JTA — A Spanish couple who built the first Jewish museum in Granada celebrated its opening day by being married there.
Gabriel Perez and Beatriz Cavalier married during the dedication ceremony earlier this month of the Sephardic Museum of Granada, a small institution they established in the southern Spanish city after years of fundraising and lobbying. It is the city’s first Jewish museum, according to a report by the Spanish news agency EFE.
The newlyweds — a historian and the daughter of a Jewish woman who fled the area during the Spanish Civil War — decided to open the museum after a month-long visit to Israel, EFE reported.
The museum contains books and artifacts collected by the couple from across Andalusia and beyond, which they say help shed light on an ancient community which flourished there until 1492, the onset of the Spanish Inquisition. Many Jews were exiled because of the organized campaign of persecution, while many others were forced to convert to Christianity to avoid torture and death.
Granada has a few dozen Jewish families, a fraction of the community’s pre-Inquisition Jewish population.
The museum offers tours around old Granada in the footsteps of its Jewish community.

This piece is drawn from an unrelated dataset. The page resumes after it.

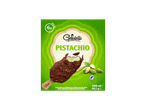 Gelados Gelatelli pistache: 6 picolés cobertos com chocolate ao leite e pedaços de pistache.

“We show how the Jews lived, we introduce the Jewish glossary and we explain about some famous people who were converted to Christianity,” Perez told EFE.
Next month, the couple will showcase Jewish Sephardic poetry in Spain. They are planning Jewish food and music festivals in the winter. The couple are in contact with the Andalucía Museum Network in the hope of having the new museum recognized.
Dozens of municipalities across Spain and Portugal over the past two decades have restored sites connected to their Jewish heritage.